In any case, despite him referencing all sorts of sensitive issues throughout the show, only one has resulted in complaints and headlines. But from what I can tell from watching the full show, I don’t see any evidence that he’s transphobic. The routine in question sees him directly quoting, and mocking the ideology of, the most aggressive and abusive hardline trans activists, who fail to realise that their actions are actually fuelling division and misunderstandings against the wonderful wider community of trans people they’re trying to protect. The fact that many of those activists have taken the bait and are attacking both Ricky and anyone else who speaks in his favour is only proving his point and giving him free publicity. And he knew full well that would happen, he’s not stupid. He’s basically flushing them out to illustrate the issue.
So of course trans rights are vital and need to be protected, nobody’s disputing that. Ricky explicitly states his own support for that later in the show, which is conveniently omitted from the clip that’s in circulation.
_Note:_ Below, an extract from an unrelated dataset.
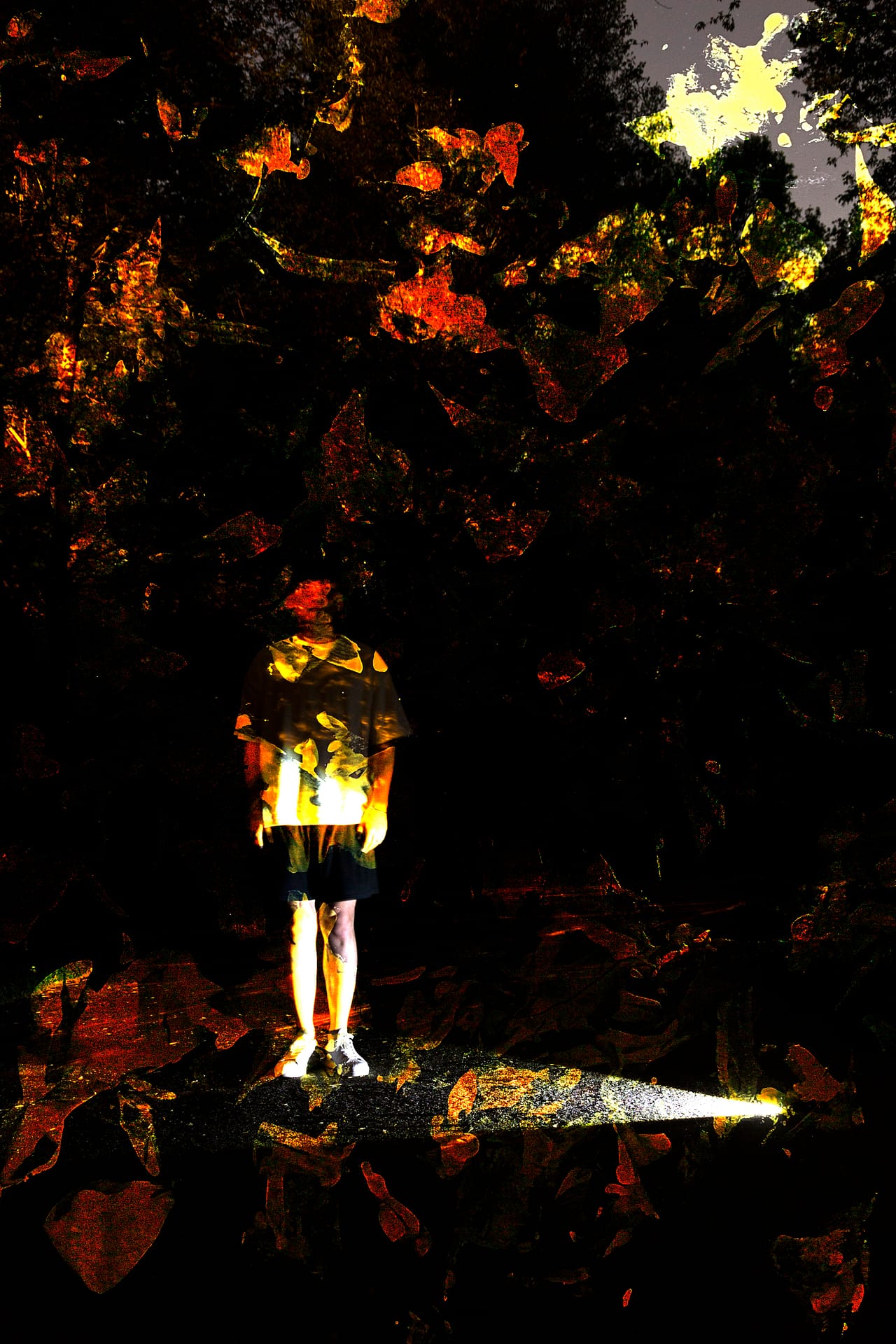 Yusheng Liu - Eidetic Imagery #6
And, absolutely, there are some genuinely traumatic events and serious anxieties underpinning the actions of the activists in question, mirroring concerns that many other trans people have. The community undoubtedly needs everyone’s help and support to feel safe. And exactly the same sentiments apply for women’s rights and safety as well, they’re equally essential. No group is more important than any other. But there needs to be polite discourse and gentle awareness raising if we’re to achieve inclusivity and equality, as opposed to attacking people just because they unwittingly get someone’s pronouns or grammatical preferences wrong, or because they have different ideas. Anger and abuse is only going to alienate people. Societal norms are changing and evolving, as has always happened over the centuries, and some people need time and education to adjust.
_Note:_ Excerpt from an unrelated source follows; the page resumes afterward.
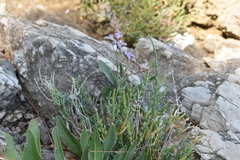 Limonium narbonense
Anyway, apart from that, Ricky also talks about his disbelief in the supernatural (reincarnation, ghosts, heaven, praying, etc), and marvels at the ‘super’ powers and abilities of nature (hence the show’s title). And he also discusses things like stress relief, cats and dogs, Boris Johnson, AIDS, extreme anti-abortionists, Hitler, old age & death, medical check-ups, gyms, the human brain, becoming a lesbian and racism, and recounts some amusing true stories from his school days. So there’s actually quite a mixture of topics overall, even though the headlines suggest otherwise.
Overall, it’s certainly not a show for everyone, but then nor are any of his others. And sure, it doesn’t contain anything hugely original in terms of subjects covered either. After all, he knows what works, so he doesn’t need to deviate from his trademark style. But I enjoyed it – it’s a very funny show, and it’s great that he’s added audio description this time.
And I’m looking forward to his next show, Armageddon, which I will try and see in person if I can. But it’s not the end of the world, pun intended, if I can’t make it, as it will also be on Netflix. It should be fun in any case.